-------- GIVEN INFORMATION
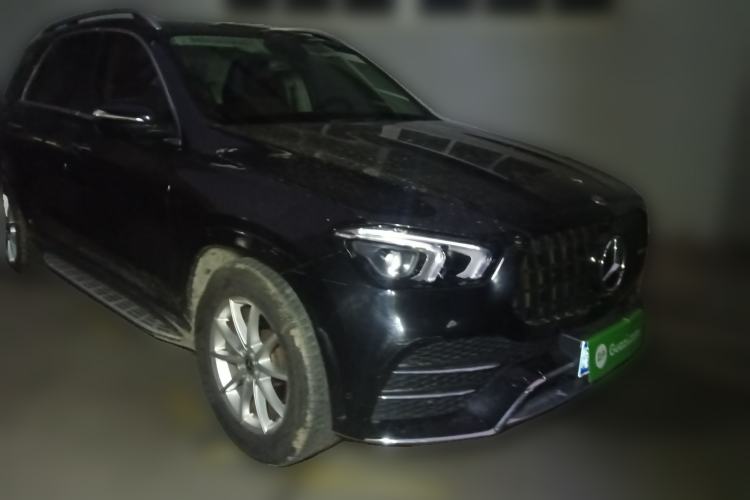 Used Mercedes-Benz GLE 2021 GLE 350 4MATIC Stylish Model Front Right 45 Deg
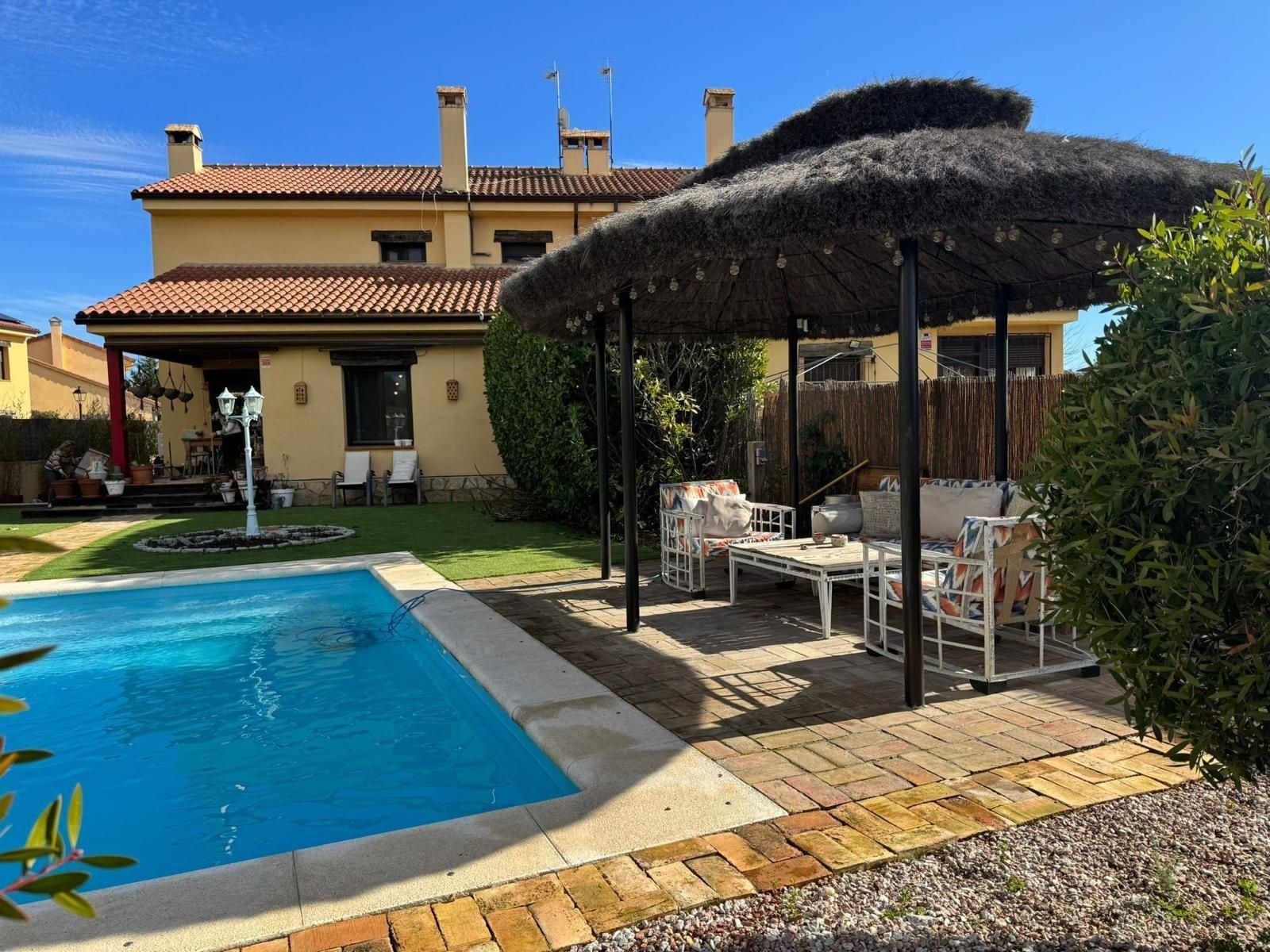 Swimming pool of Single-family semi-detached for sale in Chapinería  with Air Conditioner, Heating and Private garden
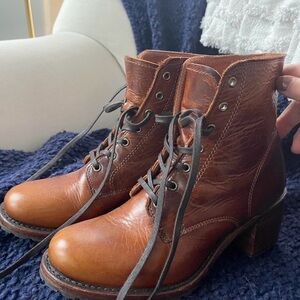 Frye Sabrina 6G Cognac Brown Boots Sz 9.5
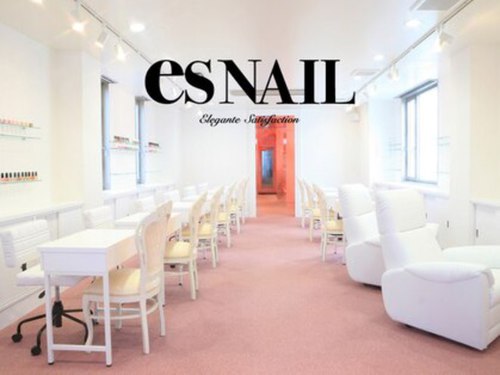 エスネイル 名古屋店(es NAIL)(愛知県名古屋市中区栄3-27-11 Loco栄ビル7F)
----------------
-------- GIVEN INFORMATION
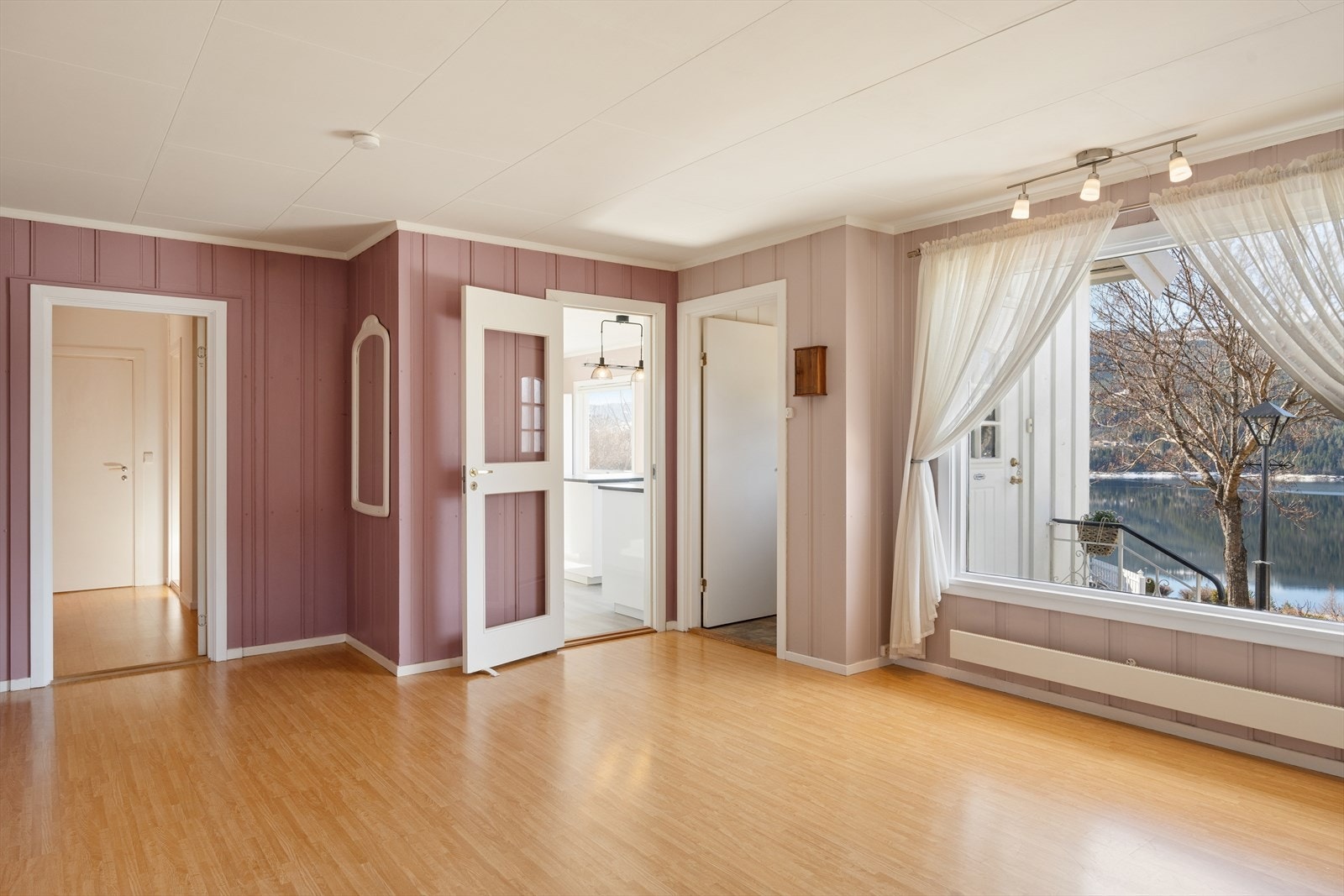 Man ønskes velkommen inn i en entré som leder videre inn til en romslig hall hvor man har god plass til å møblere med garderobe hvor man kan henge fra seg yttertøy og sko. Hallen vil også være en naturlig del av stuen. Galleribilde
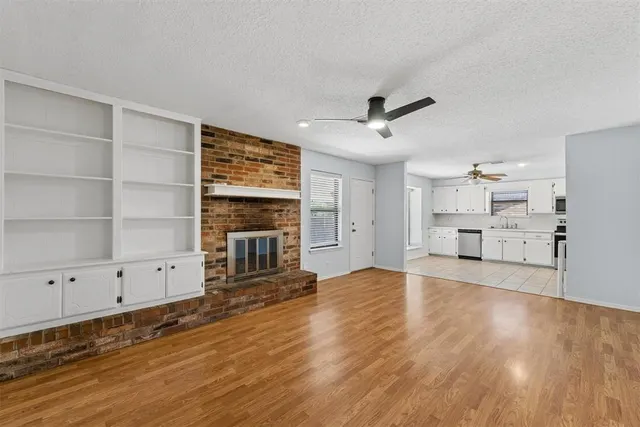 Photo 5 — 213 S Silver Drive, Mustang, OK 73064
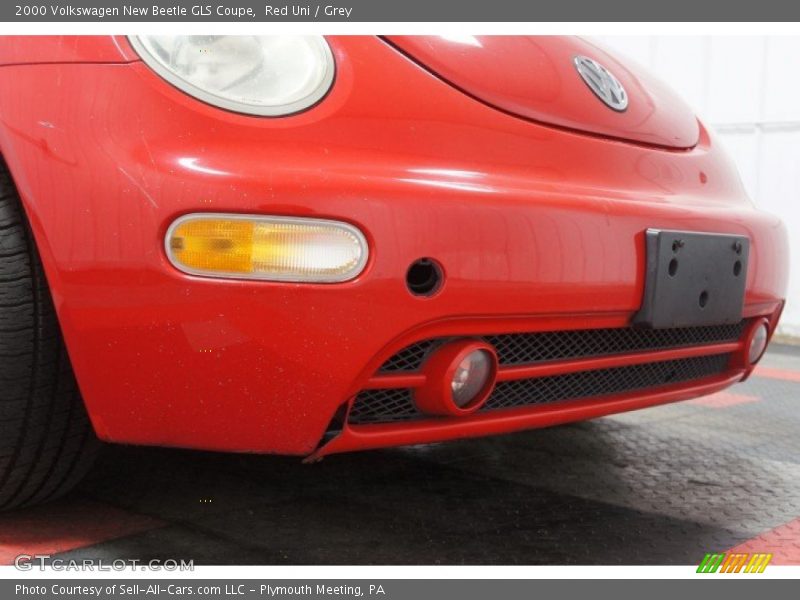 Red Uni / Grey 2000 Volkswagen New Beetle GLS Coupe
----------------
-------- GIVEN INFORMATION
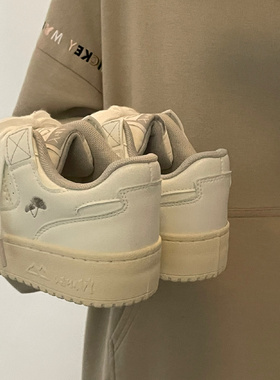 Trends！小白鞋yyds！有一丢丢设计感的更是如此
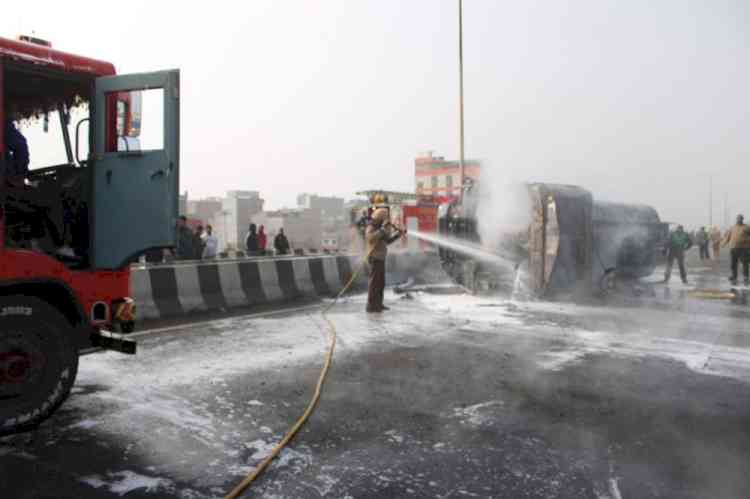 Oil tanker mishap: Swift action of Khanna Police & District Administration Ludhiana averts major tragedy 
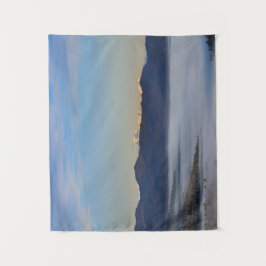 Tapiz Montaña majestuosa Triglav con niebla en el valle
----------------
## TASK DETAILS
Repeat exactly, and only, the entries from the line with "Used Mercedes-Benz GLE" through the line with "エスネイル 名古屋店(es NAIL)(愛知県名古屋市中区栄3-27-11". Pictures are skipped.

## REPLY TO THE EXERCISE
 Used Mercedes-Benz GLE 2021 GLE 350 4MATIC Stylish Model Front Right 45 Deg
 Swimming pool of Single-family semi-detached for sale in Chapinería  with Air Conditioner, Heating and Private garden
 Frye Sabrina 6G Cognac Brown Boots Sz 9.5
 エスネイル 名古屋店(es NAIL)(愛知県名古屋市中区栄3-27-11 Loco栄ビル7F)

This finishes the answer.